### Your task
Print the data exactly. Omit the pictures.

### Information supplied
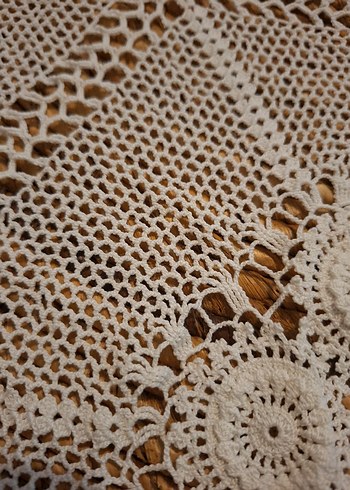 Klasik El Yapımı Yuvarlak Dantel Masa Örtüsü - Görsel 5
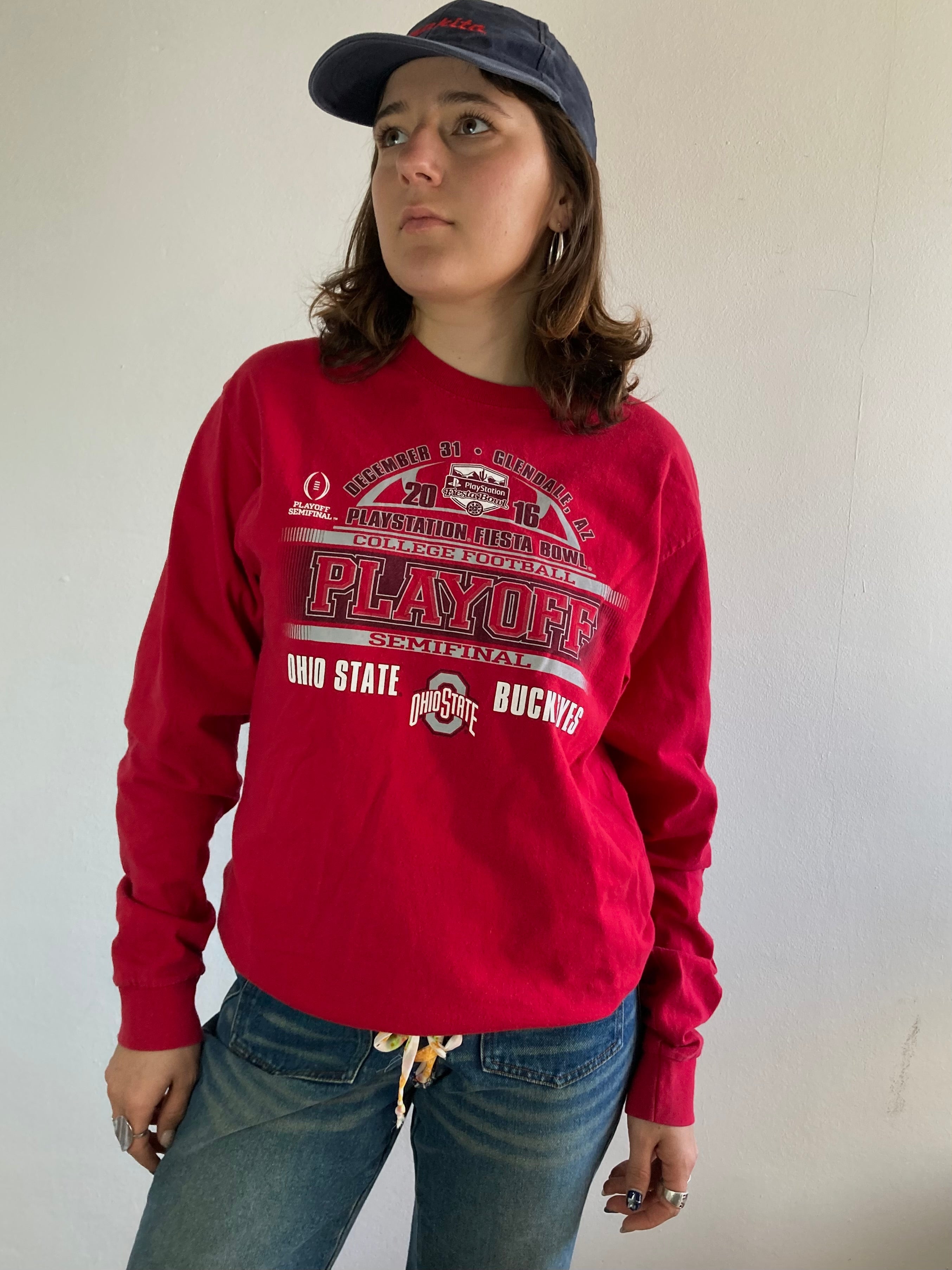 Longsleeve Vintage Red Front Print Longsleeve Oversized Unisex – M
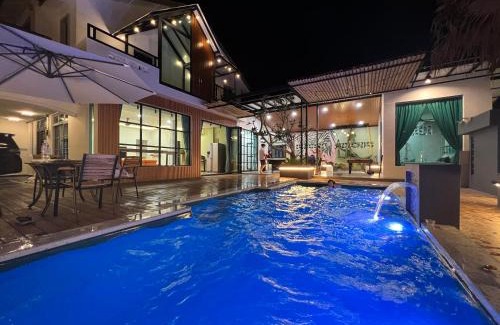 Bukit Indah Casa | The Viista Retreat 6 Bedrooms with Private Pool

### Task result
 Klasik El Yapımı Yuvarlak Dantel Masa Örtüsü - Görsel 5
 Longsleeve Vintage Red Front Print Longsleeve Oversized Unisex – M
 Bukit Indah Casa | The Viista Retreat 6 Bedrooms with Private Pool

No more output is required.